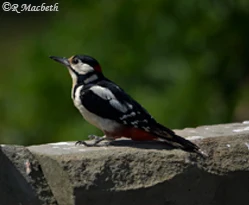 Greater Spotted Woodpecker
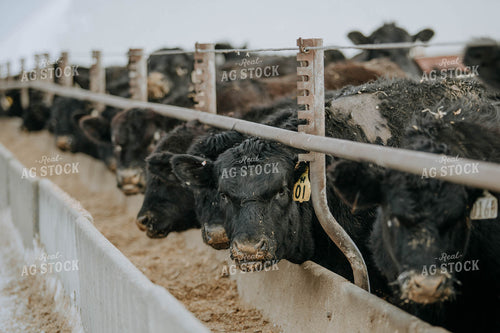 Angus Cows at Trough 77050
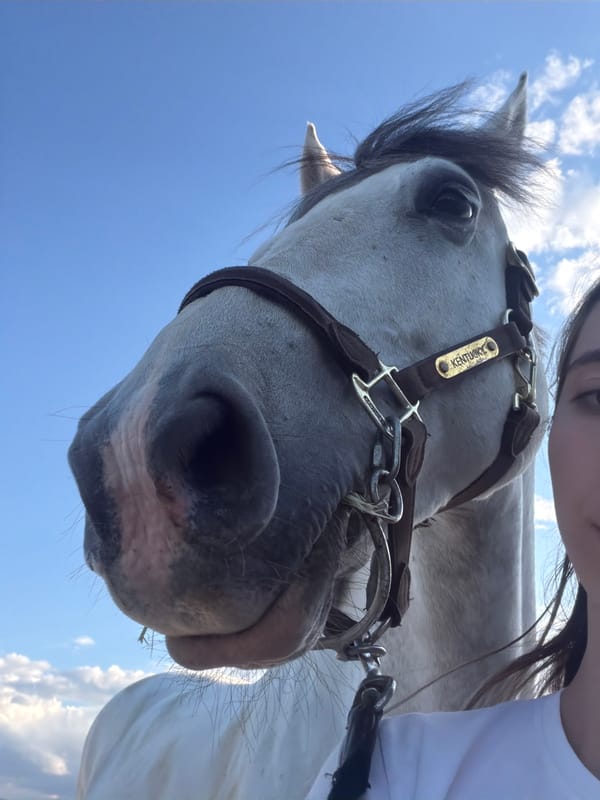 White horse with Kentucky tag spotted in Bulgarian village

────────

• _Task instructions_
Please repeat the listing precisely, excluding the pictures it contains.

• _Problem solution_
 Greater Spotted Woodpecker
 Angus Cows at Trough 77050
 White horse with Kentucky tag spotted in Bulgarian village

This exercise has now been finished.